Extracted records
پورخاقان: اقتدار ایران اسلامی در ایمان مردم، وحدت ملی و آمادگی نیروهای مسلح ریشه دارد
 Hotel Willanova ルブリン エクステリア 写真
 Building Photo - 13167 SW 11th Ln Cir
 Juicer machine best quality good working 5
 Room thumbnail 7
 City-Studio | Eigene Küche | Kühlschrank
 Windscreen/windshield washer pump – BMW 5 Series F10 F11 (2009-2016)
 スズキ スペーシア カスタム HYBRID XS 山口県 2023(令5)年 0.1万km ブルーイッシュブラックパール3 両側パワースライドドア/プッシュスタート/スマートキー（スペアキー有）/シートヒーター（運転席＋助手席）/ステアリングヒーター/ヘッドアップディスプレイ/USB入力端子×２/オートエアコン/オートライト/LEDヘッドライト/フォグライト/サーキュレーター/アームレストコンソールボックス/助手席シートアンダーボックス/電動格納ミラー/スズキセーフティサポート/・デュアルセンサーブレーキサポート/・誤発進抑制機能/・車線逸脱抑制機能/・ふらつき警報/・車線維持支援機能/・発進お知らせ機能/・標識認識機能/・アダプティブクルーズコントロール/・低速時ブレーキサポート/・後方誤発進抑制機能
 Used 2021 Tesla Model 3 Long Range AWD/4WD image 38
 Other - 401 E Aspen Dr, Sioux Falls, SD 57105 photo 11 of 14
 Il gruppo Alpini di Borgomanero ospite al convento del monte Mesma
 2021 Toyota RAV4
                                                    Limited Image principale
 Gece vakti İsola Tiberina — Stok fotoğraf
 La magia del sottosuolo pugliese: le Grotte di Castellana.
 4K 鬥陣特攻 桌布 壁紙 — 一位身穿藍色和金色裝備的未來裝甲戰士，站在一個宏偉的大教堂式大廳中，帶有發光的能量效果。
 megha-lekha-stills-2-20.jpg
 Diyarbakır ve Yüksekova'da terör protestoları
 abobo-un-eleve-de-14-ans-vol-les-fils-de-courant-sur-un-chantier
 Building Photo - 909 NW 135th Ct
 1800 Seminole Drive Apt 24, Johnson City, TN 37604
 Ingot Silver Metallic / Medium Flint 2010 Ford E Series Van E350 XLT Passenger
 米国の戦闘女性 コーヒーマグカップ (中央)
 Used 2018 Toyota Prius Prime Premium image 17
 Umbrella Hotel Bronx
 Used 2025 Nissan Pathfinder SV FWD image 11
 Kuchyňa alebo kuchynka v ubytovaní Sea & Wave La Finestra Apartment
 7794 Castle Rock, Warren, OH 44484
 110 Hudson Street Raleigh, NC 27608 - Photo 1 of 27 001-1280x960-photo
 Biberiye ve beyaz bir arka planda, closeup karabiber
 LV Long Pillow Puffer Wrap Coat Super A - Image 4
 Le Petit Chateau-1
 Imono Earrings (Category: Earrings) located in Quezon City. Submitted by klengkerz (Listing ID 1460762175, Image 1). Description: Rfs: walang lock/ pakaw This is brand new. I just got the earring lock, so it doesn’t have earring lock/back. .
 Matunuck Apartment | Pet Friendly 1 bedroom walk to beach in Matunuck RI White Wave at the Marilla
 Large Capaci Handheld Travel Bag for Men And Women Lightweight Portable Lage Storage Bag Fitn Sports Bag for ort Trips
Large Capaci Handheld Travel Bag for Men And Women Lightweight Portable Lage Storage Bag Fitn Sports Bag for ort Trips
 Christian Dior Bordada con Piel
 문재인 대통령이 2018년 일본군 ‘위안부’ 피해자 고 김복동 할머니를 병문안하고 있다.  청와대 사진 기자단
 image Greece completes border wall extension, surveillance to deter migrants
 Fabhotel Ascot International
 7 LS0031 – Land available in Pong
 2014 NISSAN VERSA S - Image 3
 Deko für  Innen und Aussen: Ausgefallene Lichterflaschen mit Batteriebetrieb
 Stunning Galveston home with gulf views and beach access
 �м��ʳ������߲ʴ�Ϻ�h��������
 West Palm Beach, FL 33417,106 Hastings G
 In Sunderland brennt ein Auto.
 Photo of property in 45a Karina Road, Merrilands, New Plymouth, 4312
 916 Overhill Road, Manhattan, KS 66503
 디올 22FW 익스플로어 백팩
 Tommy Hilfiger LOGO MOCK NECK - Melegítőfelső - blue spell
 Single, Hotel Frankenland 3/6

[Task item]: Retype exactly the lines above, from the one with "Limited Image principale" through the one with "abobo-un-eleve-de-14-ans-vol-les-fils-de-courant-sur-un-chantier", inclusive.

[Expected answer]:
                                                    Limited Image principale
 Gece vakti İsola Tiberina — Stok fotoğraf
 La magia del sottosuolo pugliese: le Grotte di Castellana.
 4K 鬥陣特攻 桌布 壁紙 — 一位身穿藍色和金色裝備的未來裝甲戰士，站在一個宏偉的大教堂式大廳中，帶有發光的能量效果。
 megha-lekha-stills-2-20.jpg
 Diyarbakır ve Yüksekova'da terör protestoları
 abobo-un-eleve-de-14-ans-vol-les-fils-de-courant-sur-un-chantier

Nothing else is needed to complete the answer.